Aside from improved ecological validity, using subtle and non-stereotypical expressions may also carry the benefit of detecting slight deficits in emotion recognition. Specifically, while emotion recognition deficits are well established in symptomatic HD patients, among prodromal HD gene carriers this deficit appeared to be less pronounced and less consistently demonstrated (for a meta-analysis, see Bora et al., 2016). These findings indicate that at the prodromal period of HD, facial expression recognition is not a very sensitive measure for the detection of early symptoms, as it is at later stages of the disease. Since recognizing subtle non-stereotypical expressions is more challenging compared to the highly recognizable stereotypical stimuli, early impairments of HD may be easier to detect using such an emotion recognition task.

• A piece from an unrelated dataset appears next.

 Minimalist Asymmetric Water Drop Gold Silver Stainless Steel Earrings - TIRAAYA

In line with previous studies, we predicted that HD patients' emotion recognition will be impaired compared to control participants. However, we expected this impairment to be more pronounced for the subtle, non-stereotypical stimuli in comparison to the highly intense and stereotypical stimuli.

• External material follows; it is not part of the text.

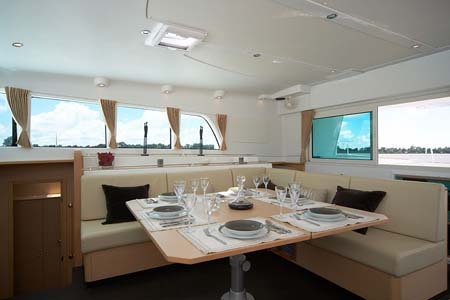 Lagoon 500 Catamaran Charter Croatia Salon Table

In addition to characterizing emotion recognition in HD patients and controls, our second goal was to examine how different factors, such as cognitive status, motor symptoms, depression symptoms and an estimation of HD pathology progression, are correlated with emotion recognition decline in HD patients. Particularly, we aimed to compare two possible predictors of emotion recognition performance: general cognitive screening and severity of motor symptoms. The predictive power of these two factors on emotion recognition performance can shed light on its underling mechanism. On the one hand, if the cognitive screening scores are strongly associated with emotion recognition, it will reinforce the assumption that the reduced performance in emotion recognition task is one aspect of more general cognitive deterioration. On the other hand, if the motor symptom severity is strongly correlated with the accuracy of facial expression classification, it will reinforce the action-perception hypothesis, suggesting that emotion recognition deficits in HD patients are rooted in impaired motor control.